CMPD: cancer mutant proteome database Release!

http://cgbc.cgu.edu.tw/cmpd

CMPD is designed for providing a comprehensive, integrated and well-annotated resource, focusing on protein sequence-altering variations originated from both germline and cancer-associated somatic variations. The mutated protein sequence pool was based on the exome sequencing results of NCI-60 cell lines, The Cancer CellLine Encyclopedia (CCLE) and 5,600 more cases from 20 TCGA cancer genomics studies. The identified genetic alterations (SNVs and InDels) were converted to all plausible mutated protein sequences according to each altered transcript. Moreover, CMPD also provides intuitive and flexible cascade architecture to prioritize candidate targets of interest. The mutated protein seqeuneces resulted from SNVs and InDels were predicted and added to the CMPD database, which can be retrieved and used in Mass spectrometry (MS)-based seqeunce database search.

Whole-exome sequencing, which centres on the protein coding regions of disease/cancer associated genes, represents the most cost-effective method to-date for deciphering the association between genetic alterations and diseases.

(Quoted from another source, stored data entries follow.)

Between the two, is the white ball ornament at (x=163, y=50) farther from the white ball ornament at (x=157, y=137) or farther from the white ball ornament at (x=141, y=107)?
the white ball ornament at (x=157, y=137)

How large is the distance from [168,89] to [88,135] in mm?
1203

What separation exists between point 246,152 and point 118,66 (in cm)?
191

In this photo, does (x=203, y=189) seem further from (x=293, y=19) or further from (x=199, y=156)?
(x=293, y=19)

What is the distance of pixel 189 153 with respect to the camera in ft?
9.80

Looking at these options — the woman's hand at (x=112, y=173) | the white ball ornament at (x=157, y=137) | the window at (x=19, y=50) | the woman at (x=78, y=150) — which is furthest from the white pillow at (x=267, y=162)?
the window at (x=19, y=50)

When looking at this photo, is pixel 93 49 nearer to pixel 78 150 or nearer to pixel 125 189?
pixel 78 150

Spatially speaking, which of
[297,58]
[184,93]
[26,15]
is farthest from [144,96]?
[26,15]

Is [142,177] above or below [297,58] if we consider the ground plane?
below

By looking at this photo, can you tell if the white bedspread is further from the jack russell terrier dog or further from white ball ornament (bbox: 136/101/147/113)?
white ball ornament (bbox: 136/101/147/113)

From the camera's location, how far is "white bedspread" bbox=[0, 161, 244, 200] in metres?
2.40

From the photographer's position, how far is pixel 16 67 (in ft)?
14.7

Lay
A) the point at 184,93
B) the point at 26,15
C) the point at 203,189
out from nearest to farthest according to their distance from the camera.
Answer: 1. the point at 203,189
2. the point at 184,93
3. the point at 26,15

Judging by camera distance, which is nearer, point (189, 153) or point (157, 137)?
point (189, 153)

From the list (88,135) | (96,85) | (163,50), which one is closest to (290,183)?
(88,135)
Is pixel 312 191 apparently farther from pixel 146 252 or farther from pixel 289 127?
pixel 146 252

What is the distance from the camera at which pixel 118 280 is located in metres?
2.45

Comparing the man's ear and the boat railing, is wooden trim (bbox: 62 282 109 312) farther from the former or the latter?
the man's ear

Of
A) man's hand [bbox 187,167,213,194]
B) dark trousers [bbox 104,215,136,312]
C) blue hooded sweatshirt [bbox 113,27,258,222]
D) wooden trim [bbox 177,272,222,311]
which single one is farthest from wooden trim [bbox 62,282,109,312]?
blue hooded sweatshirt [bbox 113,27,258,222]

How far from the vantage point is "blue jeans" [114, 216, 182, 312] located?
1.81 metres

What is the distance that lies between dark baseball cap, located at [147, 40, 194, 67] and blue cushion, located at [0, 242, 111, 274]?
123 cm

Large-scale whole exome/genome sequencing projects have been launched by various institutions, such as NCI, Broad Institute and TCGA, to provide a comprehensive catalogue of coding variants in diverse tissue samples and cell lines. Further functional and clinical interrogation of these sequence variations must rely on extensive cross-platforms integration of sequencing information and a proteome database that explicitly and comprehensively archives the corresponding mutated peptide sequences. While such data resource is a critical for the mass spectrometry-based proteomic analysis of exomic variants, no database is currently available for the collection of mutant protein sequences that correspond to recent large-scale genomic data. To address this issue and serve as bridge to integrate genomic and proteomics datasets, CMPD (http://cgbc.cgu.edu.tw/cmpd) collected over 2 millions genetic alterations, which not only facilitates the confirmation and examination of potential cancer biomarkers but also provides an invaluable resource for translational medicine research and opportunities to identify mutated proteins encoded by mutated genes.